Despite Improving Numbers Crawford Warns Job Seekers to Expect “Alice in Wonderland” Landscape

Atlanta, GA, March 29, 2012 --( The March 9 figures released by the Department of Labor (DoL), which indicated a flat (8.3%) rather than falling unemployment rate from the previous month, should be a reminder to job seekers that the fight is far from over, says Certified Career Coach Hallie Crawford. For many months, the nation has been cheering the dropping jobless rate, but Crawford says there will likely be bumps along the way. She also predicts it will be a long time before U.S. companies return to hiring as usual—if they ever do.

“The recession provided an opportunity for companies to restructure not only their payrolls but also their hiring practices,” says Crawford. “Job seekers will find the landscape very different than before.” Crawford likens the past few years to the experience of Alice in Wonderland, where “Alice chased a normal-looking rabbit down a hole, but when she popped out her new world was completely unfamiliar and surreal.”

The same thing is true for job seekers who assume they can soon return to status quo, Crawford notes. “These stats affect the attitude of seekers and their search,” she says. “You can use them to be more optimistic about your search and boost your attitude, but that doesn’t mean you can sit on the couch and wait for an offer. Anyone who is unemployed or underemployed still needs to be as aggressive as possible.”

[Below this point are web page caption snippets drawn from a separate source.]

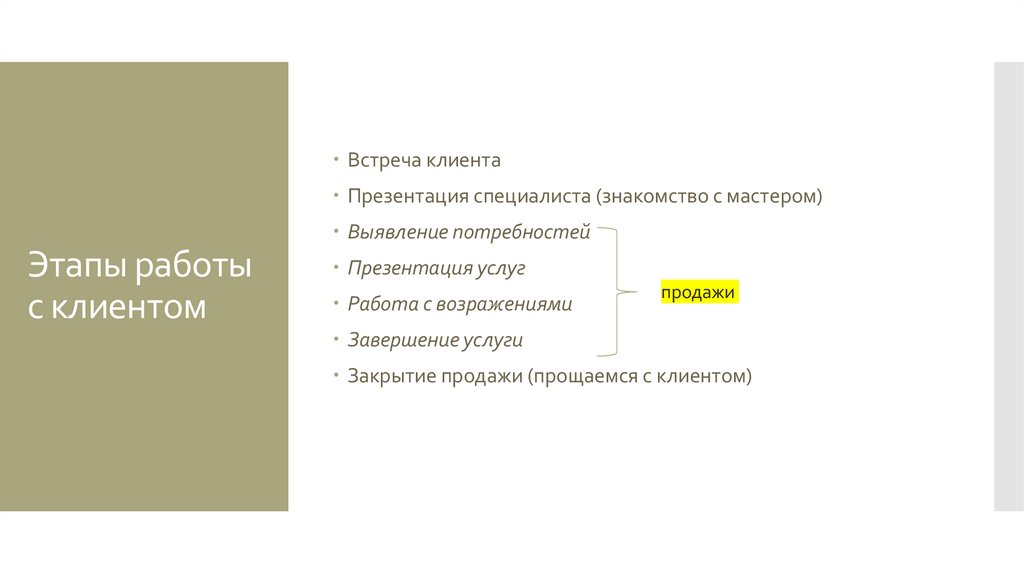 Этапы работы с клиентом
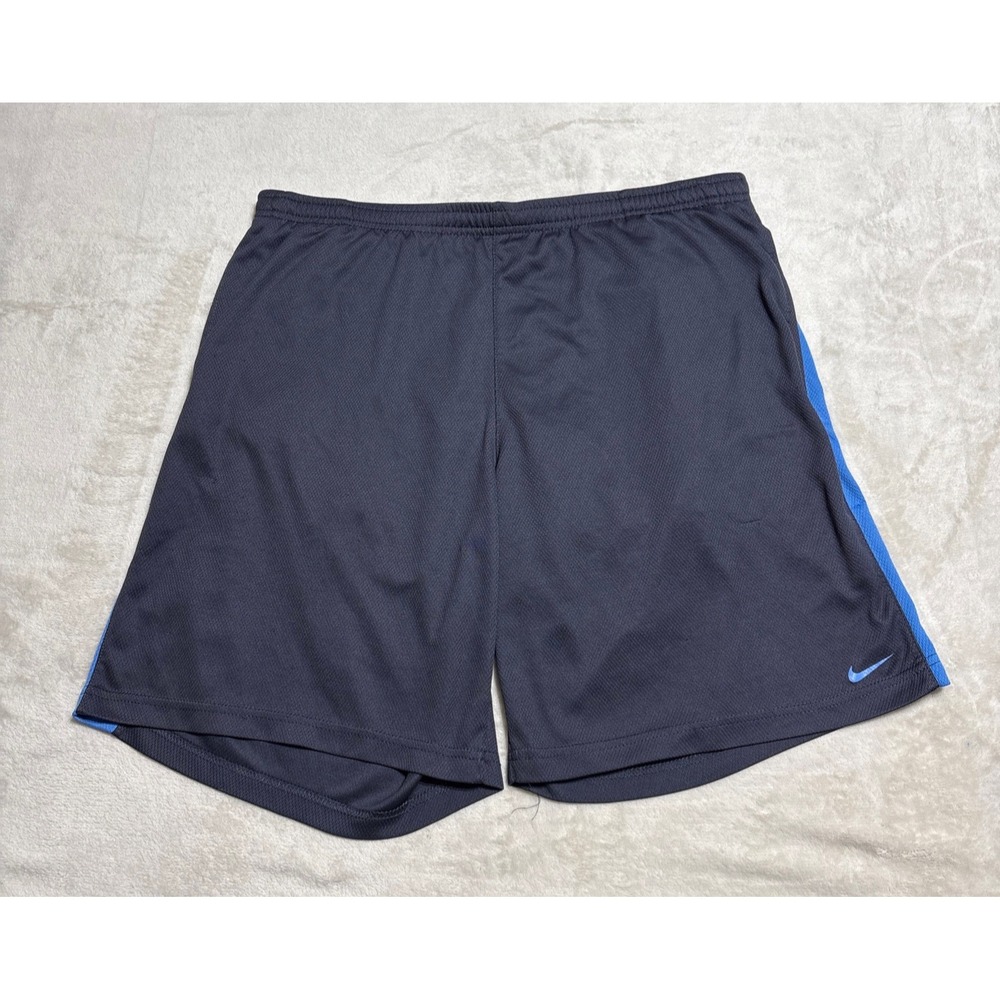 Nike Athletic Shorts Mens Large Blue FitDry Brief Lined Embroidered Logo Vintage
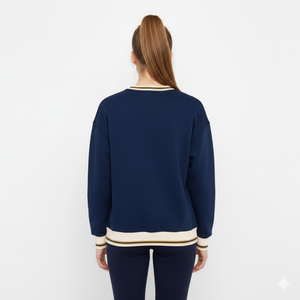 Sweat-shirt ras du cou personnalisé bleu marine et crème à lettres grecques, en mélange de coton, broderie chenille, coupe oversize, style universitaire, OEM - Product Image 5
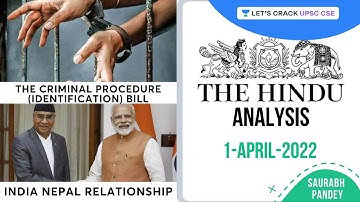 The Hindu Newspaper Editorial Analysis | 1 April 2022 | Current Affairs | UPSC CSE | Saurabh Pandey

Crawford offers the following tips for both unemployed and employed workers in the new economy:

Consider how you are using the facts you are hearing. Channel them into a motivator, not a disincentive.

With more jobs available, now is the time to boost not only your search efforts but also the quality of the interviews you give and the image you present.

If you are currently employed, be extra diligent now to position yourself as a valuable team member—and one who deserves a raise or advancement.

“Anyone who thinks the job market will become less demanding is fooling themselves,” says Crawford. “Employers have learned they can survive and even thrive with fewer workers. They won’t be in a hurry to add positions.” Furthermore, she adds, “Once companies shake the ‘hold until further notice’ mentality and start hiring, they may be looking for ‘new blood.’ That can mean filling plum positions with new hires and skipping over or even dismissing seasoned but less-than-motivated employees. Nothing is off the table at this point.”